Basic Corrections Graduates

AVON PARK, Fla. – Nov. 17, 2020 – South Florida State College (SFSC) graduated 45 new correctional officers on Friday, Nov. 13, at the Highlands Campus in Avon Park. Recognized at the ceremony were four graduates of Class 199, 23 graduates of Class 101, and 18 graduates of Class 102.

Michael Austin, coordinator of SFSC’s Criminal Justice Academy, called the cadets to the stage and handed each new corrections officer a certificate.

Class 199 graduates who received certificates were Elizabeth Uriarte (executive officer), Caleb Doolin, Christopher J. Foreman Sr., and Destin Fox.

Class 101 graduates who received certificates were Jennifer Morrison (class leader), William Swisher (executive officer), Christopher Wilkins (first squad leader), Shanekia Jones, Bradley Smeal, Rebecca Hester, Jamelia Gunter, Michael Hansen, Andrew Foard, Raquel Earle (second squad leader), Sara Decker, Jore Stanberry, Lelandra Smith, Rute Macedo, Samantha Mendoza-Lopez (third squad leader), Bobby Guffey Jr., Earl Johnson, Shamice S. Porteous, Bryan Taylor (fourth squad leader), Albree Johnson, Carol Allison, Elizabeth Walwood, and Nicole Peana.

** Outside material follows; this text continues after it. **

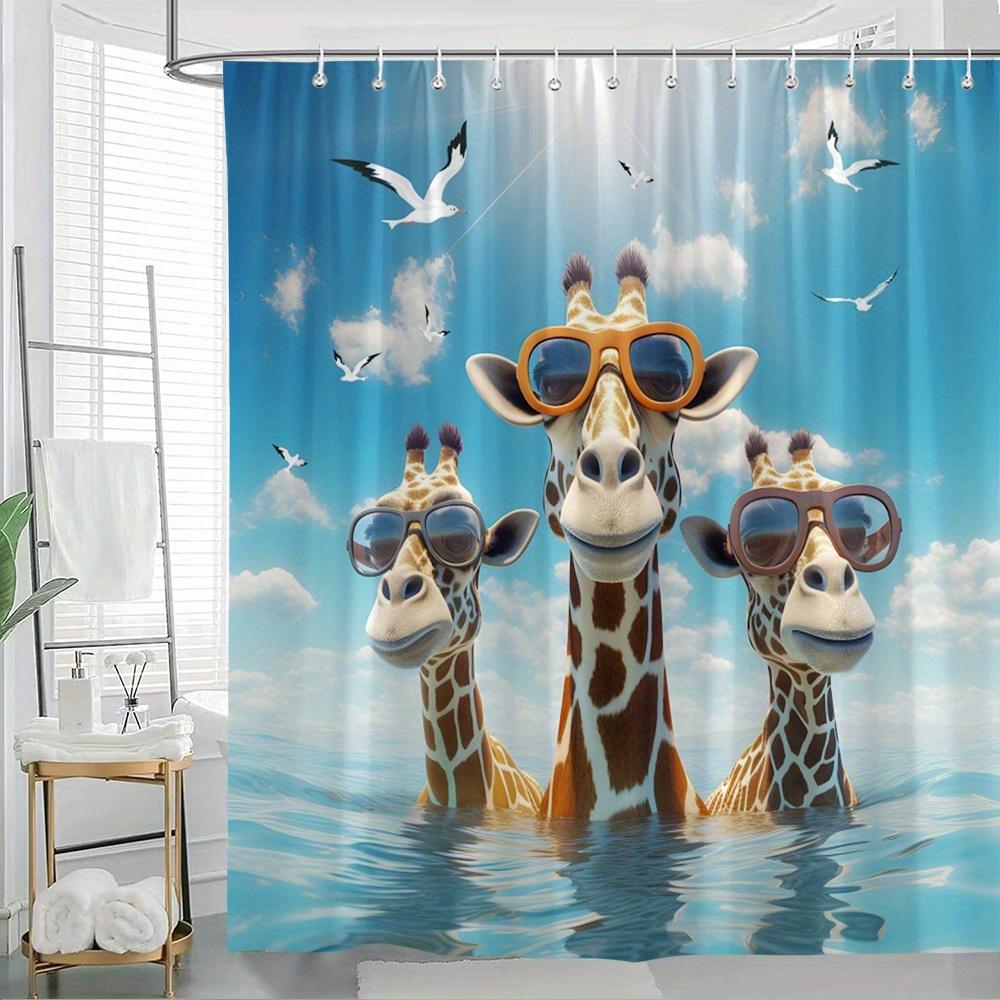 

1Pc Playful Cgi Giraffes Ocean Shower Curtain Three Human-Like Giraffes Orange Fashion Glasses Radiant Sun Halo Blue Sky White W60H190(CM)-1 Pcs
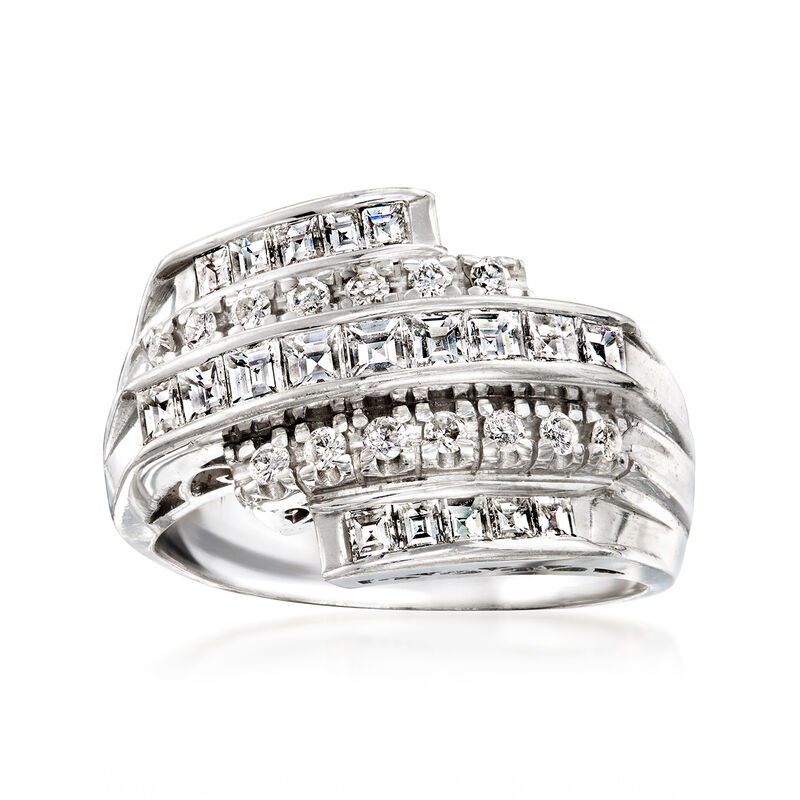 C. 2000 Vintage 1.01 ct. t.w. Diamond Wrap Ring in Platinum. Size 6.5 image number 0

Class 102 graduates who received certificates were Alisha Tuten (class leader), Blake Smith (executive officer), Mathew Sidor (guidon), Joshua Mercer (first squad leader), Teresita Ugarte, Terrance Davis, JaMar Jackson (second squad leader), Michelle Meyers, Alex Jaramillo, Hector Cintron-Colon, James Peach (third squad leader), Monique Johnson, Wesley Roberts, Alissa Durham, Gabe Greseth (fourth squad leader), Melissa Knutson, Hannah Ellis, and Dakota Stevens.

During the ceremony, special awards were presented to the graduates: from Class 199, Elizabeth Uriarte for executive officer; from Class 101, Jennifer Morrison for class leader, William Swisher for executive officer, Shamice Porteus for top academics, and Rute Macedo for top firearms scores; from Class 102, Alisha Tuten for class leader and top firearms scores, Blake Smith for executive officer, and Hannah Ellis for top academics.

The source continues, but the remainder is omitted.